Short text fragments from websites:
****************

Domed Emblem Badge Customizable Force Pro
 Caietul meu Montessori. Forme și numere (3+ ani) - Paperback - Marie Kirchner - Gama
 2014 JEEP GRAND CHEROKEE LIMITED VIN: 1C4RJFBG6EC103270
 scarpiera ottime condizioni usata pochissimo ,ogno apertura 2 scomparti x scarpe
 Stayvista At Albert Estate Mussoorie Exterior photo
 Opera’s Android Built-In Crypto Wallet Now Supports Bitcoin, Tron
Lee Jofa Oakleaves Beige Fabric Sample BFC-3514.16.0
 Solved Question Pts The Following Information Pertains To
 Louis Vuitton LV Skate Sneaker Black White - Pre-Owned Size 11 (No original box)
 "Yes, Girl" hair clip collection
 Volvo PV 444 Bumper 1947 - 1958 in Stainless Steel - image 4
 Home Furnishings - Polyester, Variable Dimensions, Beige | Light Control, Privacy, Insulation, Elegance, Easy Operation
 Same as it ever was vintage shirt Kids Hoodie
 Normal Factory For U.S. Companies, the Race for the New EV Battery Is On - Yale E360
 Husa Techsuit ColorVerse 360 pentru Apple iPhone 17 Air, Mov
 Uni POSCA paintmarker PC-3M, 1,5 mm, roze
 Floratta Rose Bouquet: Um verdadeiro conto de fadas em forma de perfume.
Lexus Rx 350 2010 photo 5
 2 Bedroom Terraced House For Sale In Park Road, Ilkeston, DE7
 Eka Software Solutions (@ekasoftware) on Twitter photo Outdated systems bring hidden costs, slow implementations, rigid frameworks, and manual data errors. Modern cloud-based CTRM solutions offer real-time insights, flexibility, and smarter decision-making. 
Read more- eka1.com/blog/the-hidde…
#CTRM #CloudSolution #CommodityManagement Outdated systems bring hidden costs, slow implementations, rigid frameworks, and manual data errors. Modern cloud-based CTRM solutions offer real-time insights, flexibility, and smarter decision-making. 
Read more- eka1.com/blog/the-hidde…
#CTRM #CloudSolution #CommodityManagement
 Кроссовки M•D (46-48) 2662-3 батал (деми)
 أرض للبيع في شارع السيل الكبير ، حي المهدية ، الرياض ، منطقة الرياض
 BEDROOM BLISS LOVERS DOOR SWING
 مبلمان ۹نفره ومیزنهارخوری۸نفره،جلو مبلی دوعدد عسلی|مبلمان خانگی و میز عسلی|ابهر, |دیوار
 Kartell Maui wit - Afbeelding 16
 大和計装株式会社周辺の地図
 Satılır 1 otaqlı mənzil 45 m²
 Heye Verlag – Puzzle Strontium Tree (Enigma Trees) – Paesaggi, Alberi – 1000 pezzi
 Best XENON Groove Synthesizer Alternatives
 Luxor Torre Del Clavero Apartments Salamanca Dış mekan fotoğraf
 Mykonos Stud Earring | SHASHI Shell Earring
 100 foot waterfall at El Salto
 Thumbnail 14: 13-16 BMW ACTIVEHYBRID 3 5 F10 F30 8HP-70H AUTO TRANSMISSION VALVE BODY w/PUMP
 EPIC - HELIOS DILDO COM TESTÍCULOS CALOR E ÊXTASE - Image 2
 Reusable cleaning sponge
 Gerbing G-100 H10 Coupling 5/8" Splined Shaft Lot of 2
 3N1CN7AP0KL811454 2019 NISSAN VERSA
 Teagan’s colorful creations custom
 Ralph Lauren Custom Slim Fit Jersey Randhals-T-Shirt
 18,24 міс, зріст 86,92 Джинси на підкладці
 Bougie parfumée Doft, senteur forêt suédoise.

****************

Given the records above, reproduce precisely and only the lines between the line holding "大和計装株式会社周辺の地図" and the line holding "Teagan’s colorful creations custom", inclusive.

> [RESPONSE]:
 大和計装株式会社周辺の地図
 Satılır 1 otaqlı mənzil 45 m²
 Heye Verlag – Puzzle Strontium Tree (Enigma Trees) – Paesaggi, Alberi – 1000 pezzi
 Best XENON Groove Synthesizer Alternatives
 Luxor Torre Del Clavero Apartments Salamanca Dış mekan fotoğraf
 Mykonos Stud Earring | SHASHI Shell Earring
 100 foot waterfall at El Salto
 Thumbnail 14: 13-16 BMW ACTIVEHYBRID 3 5 F10 F30 8HP-70H AUTO TRANSMISSION VALVE BODY w/PUMP
 EPIC - HELIOS DILDO COM TESTÍCULOS CALOR E ÊXTASE - Image 2
 Reusable cleaning sponge
 Gerbing G-100 H10 Coupling 5/8" Splined Shaft Lot of 2
 3N1CN7AP0KL811454 2019 NISSAN VERSA
 Teagan’s colorful creations custom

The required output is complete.